▸ TASK REQUIREMENTS
Output the full listing below exactly; the images stay out.

══════════════════════════════

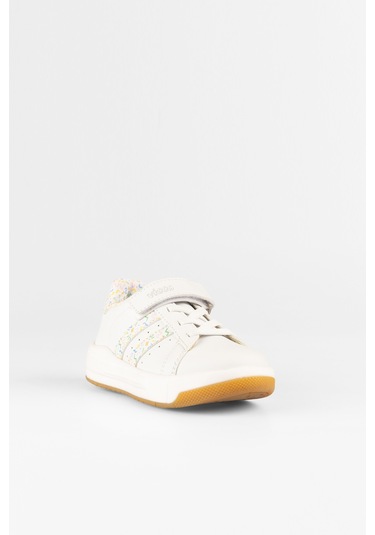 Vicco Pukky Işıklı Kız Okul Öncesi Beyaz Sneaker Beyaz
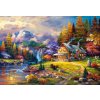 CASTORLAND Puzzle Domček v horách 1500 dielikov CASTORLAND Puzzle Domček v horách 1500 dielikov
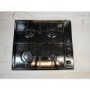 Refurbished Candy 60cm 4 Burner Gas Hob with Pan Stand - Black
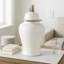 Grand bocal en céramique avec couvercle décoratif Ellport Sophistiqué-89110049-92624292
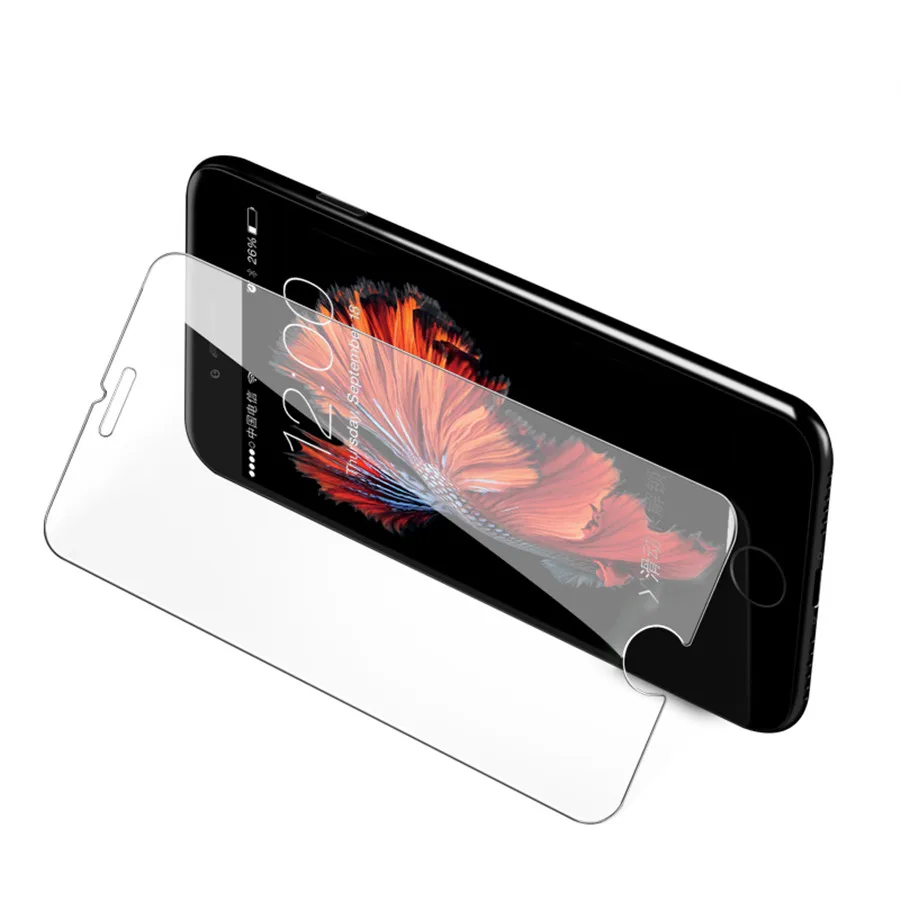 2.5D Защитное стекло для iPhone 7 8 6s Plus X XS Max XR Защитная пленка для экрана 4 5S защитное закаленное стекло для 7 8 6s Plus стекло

══════════════════════════════

▸ WRITTEN REPLY
 Vicco Pukky Işıklı Kız Okul Öncesi Beyaz Sneaker Beyaz
 CASTORLAND Puzzle Domček v horách 1500 dielikov CASTORLAND Puzzle Domček v horách 1500 dielikov
 Refurbished Candy 60cm 4 Burner Gas Hob with Pan Stand - Black
 Grand bocal en céramique avec couvercle décoratif Ellport Sophistiqué-89110049-92624292
 2.5D Защитное стекло для iPhone 7 8 6s Plus X XS Max XR Защитная пленка для экрана 4 5S защитное закаленное стекло для 7 8 6s Plus стекло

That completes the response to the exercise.